Latency and Cost of Multi-Agent Intelligent Tutoring at Scale
Provides concrete deployment guidance for institutions choosing between throughput tiers for multi-agent tutoring systems at scales from a single seminar to university-wide rollout.
The paper evaluates latency and cost of a multi-agent LLM tutoring system (ITAS) across three throughput tiers and concurrency levels up to 50 users, finding Priority PayGo maintains sub-4-second response times under load, while Provisioned Throughput offers lowest latency at low concurrency but saturates above ~20 users. Cost analysis shows pay-per-token tiers are cheaper than a textbook per student per semester.
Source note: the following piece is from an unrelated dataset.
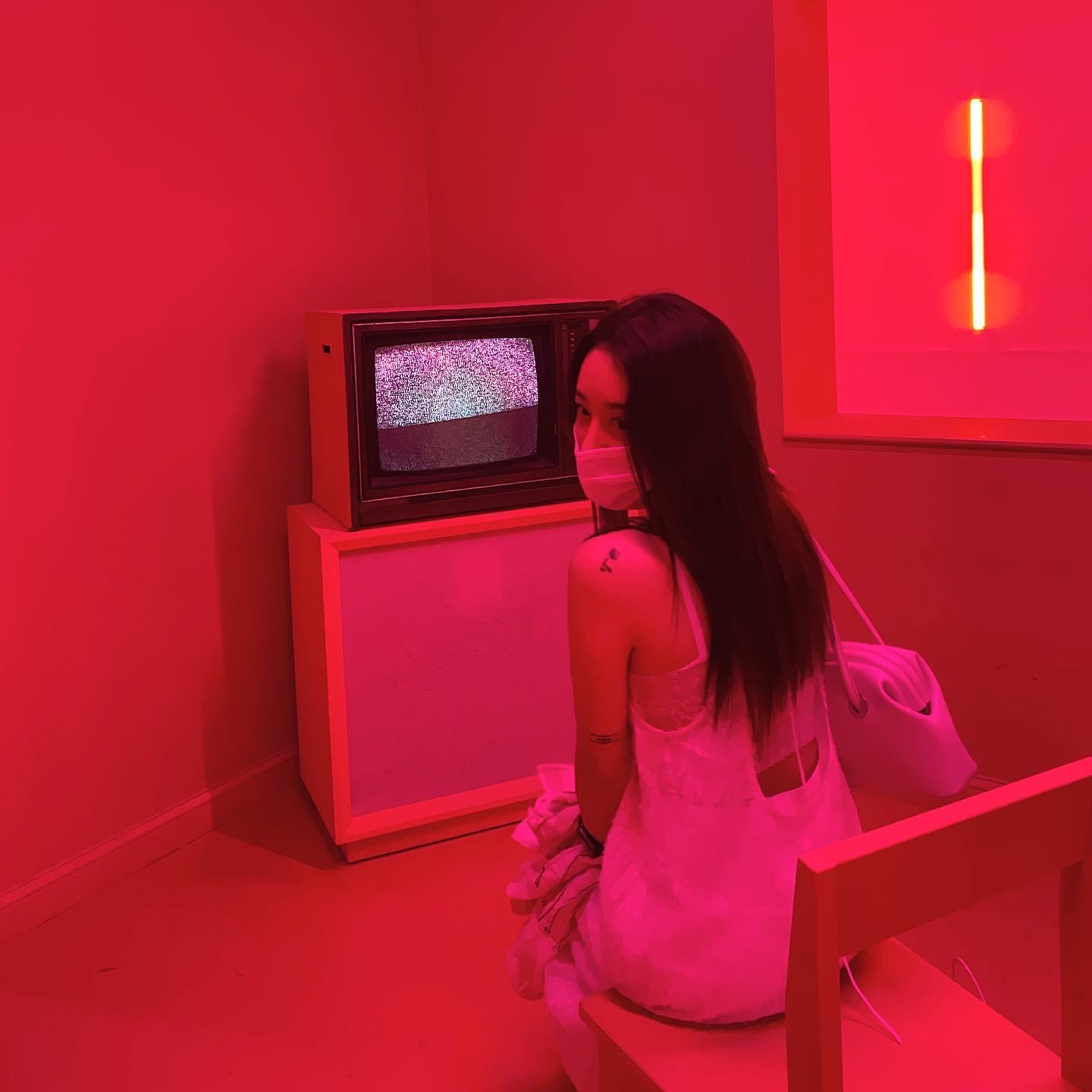 여리님의 스타일 - 4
Multi-agent LLM tutoring systems improve response quality through agent specialization, but each student query triggers several concurrent API calls whose latencies compound through a parallel-phase maximum effect that single-agent systems do not face. We instrument ITAS, a four-agent tutoring system built on Gemini 2.5 Flash and Google Vertex AI, across three throughput tiers (Standard PayGo, Priority PayGo, and Provisioned Throughput) and eleven concurrency levels up to 50 simultaneous users, producing over 3,000 requests drawn from a live graduate STEM deployment. Priority PayGo maintains flat sub-4-second response times across the full load range; Standard PayGo degrades substantially under classroom-scale concurrency; and Provisioned Throughput delivers the lowest latency at low concurrency but saturates its reserved capacity above approximately 20 concurrent users. Cost analysis places both pay-per-token tiers well below the price of a STEM textbook per student per semester under a worst-case usage ceiling. Provisioned Throughput, expensive under continuous provisioning, becomes cost-competitive for institutions that can predict and concentrate their traffic toward high utilization. These results provide concrete tier-selection guidance across deployment scales from a single seminar to a university-wide rollout.